= Beginning of Section =

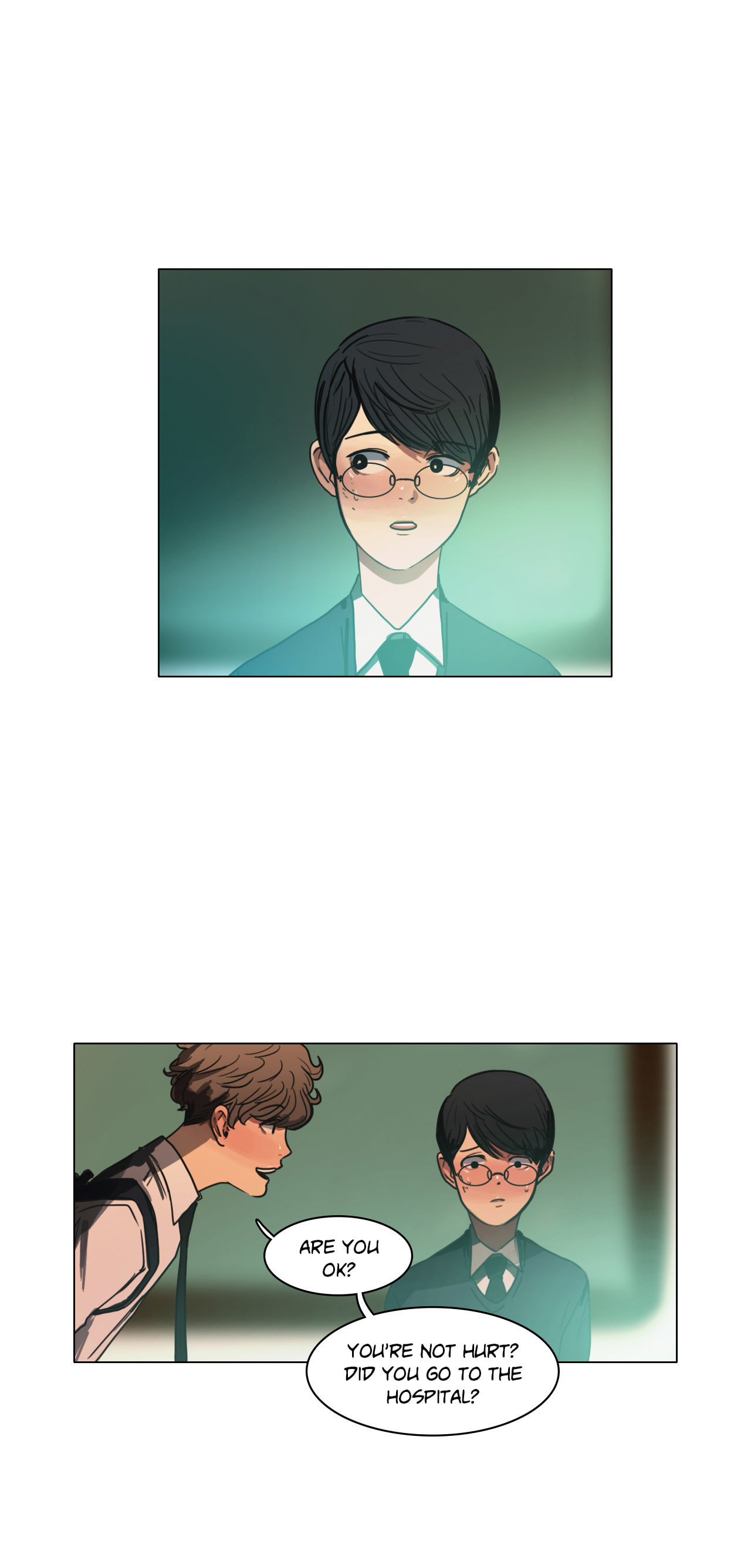 Save Me Chapter 20 page 10 - 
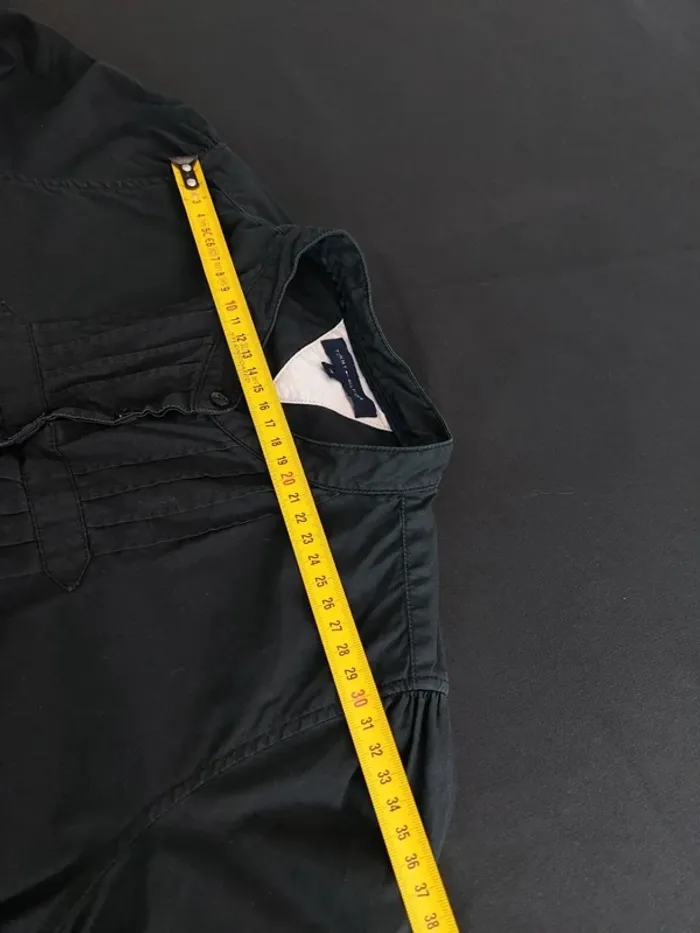 Chemise Tommy  Brodée - photo numéro 7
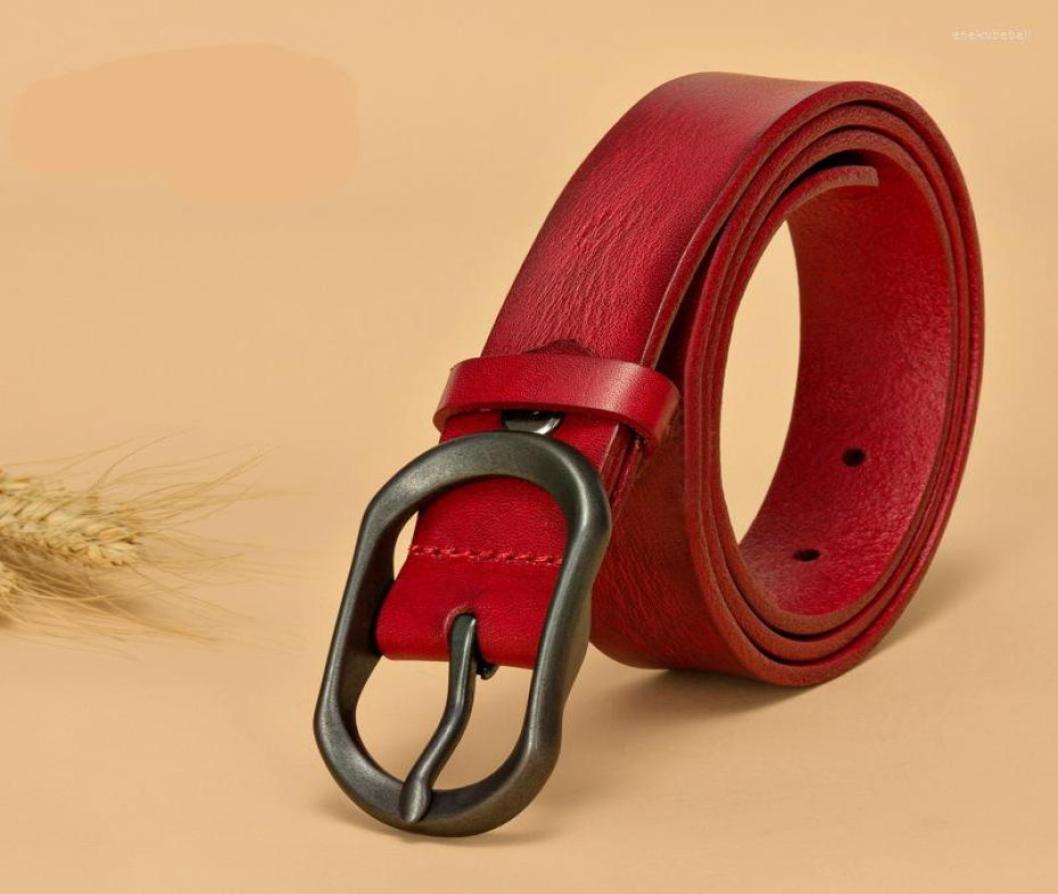 Belts Fashion Female Women Belt Ladies Genuine Leather Metal Buckle Straps2779577, Black
Belts Fashion Female Women Belt Ladies Genuine Leather Metal Buckle Straps2779577, Black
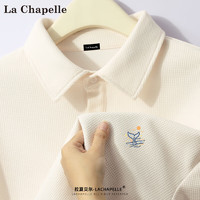 La Chapelle 男士短袖POLO衫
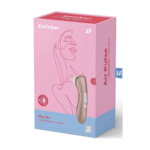 Satisfyer Pro 2Plus Airpulse con vibración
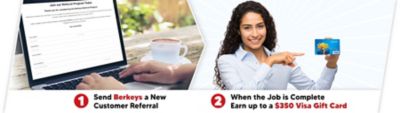 Earn Money by referring Berkeys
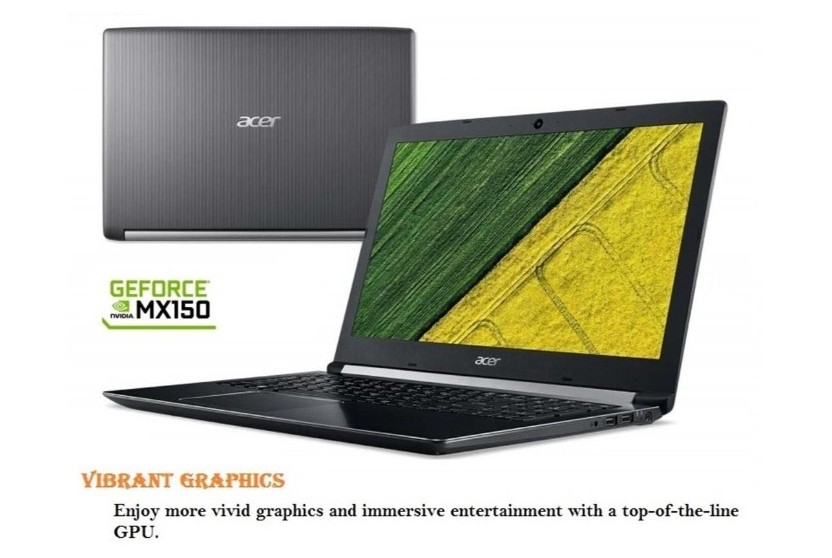 Acer Aspire A515 51G 58GJ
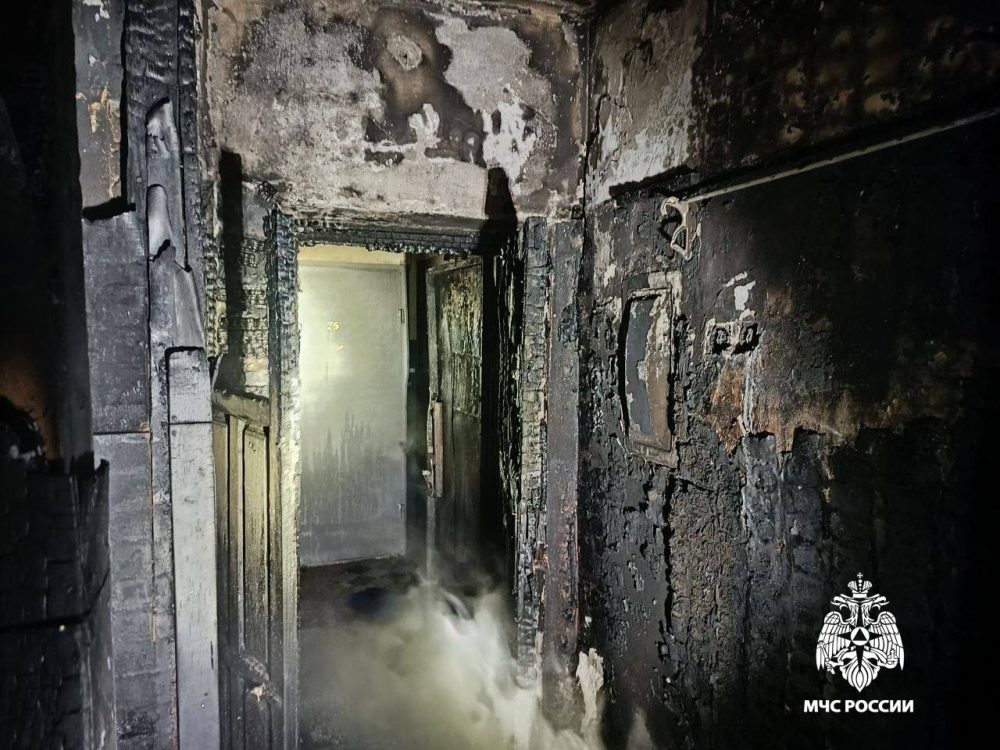Фото: МЧС России по Тверской области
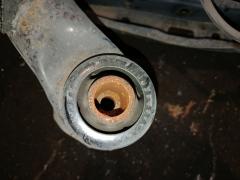Балка подвески 51206-51030, 51206-53020 на Toyota Mark Ii GX110 1G-FE Фото 4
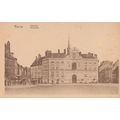 Ypres Hospital Old Postcard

= End of Section =

#### [AIM OF THE EXERCISE]
Repeat the entries exactly. Any picture is to be left out.

#### [ANSWER]
 Save Me Chapter 20 page 10 - 
 Chemise Tommy  Brodée - photo numéro 7
 Belts Fashion Female Women Belt Ladies Genuine Leather Metal Buckle Straps2779577, Black
Belts Fashion Female Women Belt Ladies Genuine Leather Metal Buckle Straps2779577, Black
 La Chapelle 男士短袖POLO衫
 Satisfyer Pro 2Plus Airpulse con vibración
 Earn Money by referring Berkeys
 Acer Aspire A515 51G 58GJ
Фото: МЧС России по Тверской области
Балка подвески 51206-51030, 51206-53020 на Toyota Mark Ii GX110 1G-FE Фото 4
 Ypres Hospital Old Postcard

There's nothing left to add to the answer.